The castle is the centre of a 21,000 estate including tenant farms and a wind farm.




Castle Ashby Gardens

Privately owned. Not to be confused with the National Trust’s Canons Ashby.
I remember cycling to Castle Ashby some years ago, when I was younger and fitter, and entering the central courtyard. The house is no longer open to the public, but the gardens and church are regularly open.
The gardens are impressive, and include an area of formal gardens with an Orangery and other structures, an arboretum (woodland), and a walk past stretches of water. Adjacent to the gardens is the walled garden, laid to grass. It can be looked into but not entered, and the house’s terraced garden likewise can be looked into but not entered. There is a menagerie housing meerkats, monkeys, exotic birds, pigs, a giant tortoise and a miniature horse.
The church is normally open but I did not find the interior of especial interest.
The gardens are well worth a visit. Allow 2 to 3 hours.
Entry to the gardens is much cheaper in the winter months but some auxiliary facilities may be closed. Admission was by online booking only. If you need the loo on arrival, it is in the left hand end of the row of reception buildings (not well marked).








Croome, Worcestershire
National Trust
Croome largely represents the vision of a single man, George William, 6th Duke of Coventry. The site was originally boggy land. Lancelot ‘Capability’ Brown was responsible for the landscape and for the remodelling of the house – his first commission. Robert Adam designed a number of room interiors.

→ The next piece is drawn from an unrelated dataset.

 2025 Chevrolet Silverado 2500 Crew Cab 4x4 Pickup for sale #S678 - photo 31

A walk (or route march) around the estate brings one past many features of this created landscape. First the church, constructed as an eyecatch after the previous church, judged too close to the house, was demolished. Then an ice house hidden in the wood. Then the walled garden, privately owned and only open at certain times. The Rotunda stands on a rise and forms a viewpoint for the house and several distant eye-catchers.
The house stands in the middle of the park. Nominally, all four floors are open to visitors but when I visited some rooms were closed for repairs and I did not get any guided tour to the top floor. The guidebook floor plan marks part of the Red House extension as open to visitors but the shortform leaflet didn’t and this wing was closed for repairs.

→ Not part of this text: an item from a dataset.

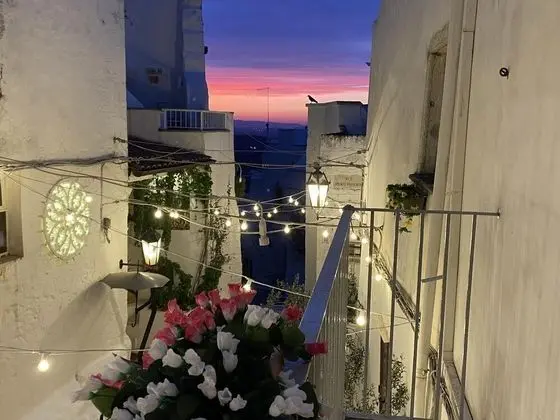 Deluxe Apart Daire, Özel Banyo, Şehir Manzaralı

The rooms are mostly empty or used for exhibitions, the original furnishings and contents being elsewhere or lost in a warehouse fire. The Long Gallery has impressive plasterwork, apparently recently restored. The Dining Room plasterwork was colourised by the Kirshna movement when they were in occupation of the house. It looks great, but purists may not agree. Also in this room is a display of some of the Croome china, well worth seeing.
Above, the rooms mostly look unrestored. The Chinese Room has lost its plaster ceiling. Some fell down and the NT removed the rest for safety. Two rooms contain the last private owner’s bathroom fittings, retained by the NT as part of the ‘history of the house’. Personally I think they look awful and should go.
Moving on, a reconstructed Chinese bridge spans the river giving access to more parkland. A hard path leads on to the lake with various monuments, the Grotto with statue of Sabrina, and the Temple Greenhouse. Finally one returns to the church.
At the estate entrance are some black huts which house the reception, shop, and tea-room. The huts are one of the few remnants of RAF Defford, an airfield used during WWII for development work on radar. In another of the huts you will find a very interesting museum and exhibition of RAF Defford and its work.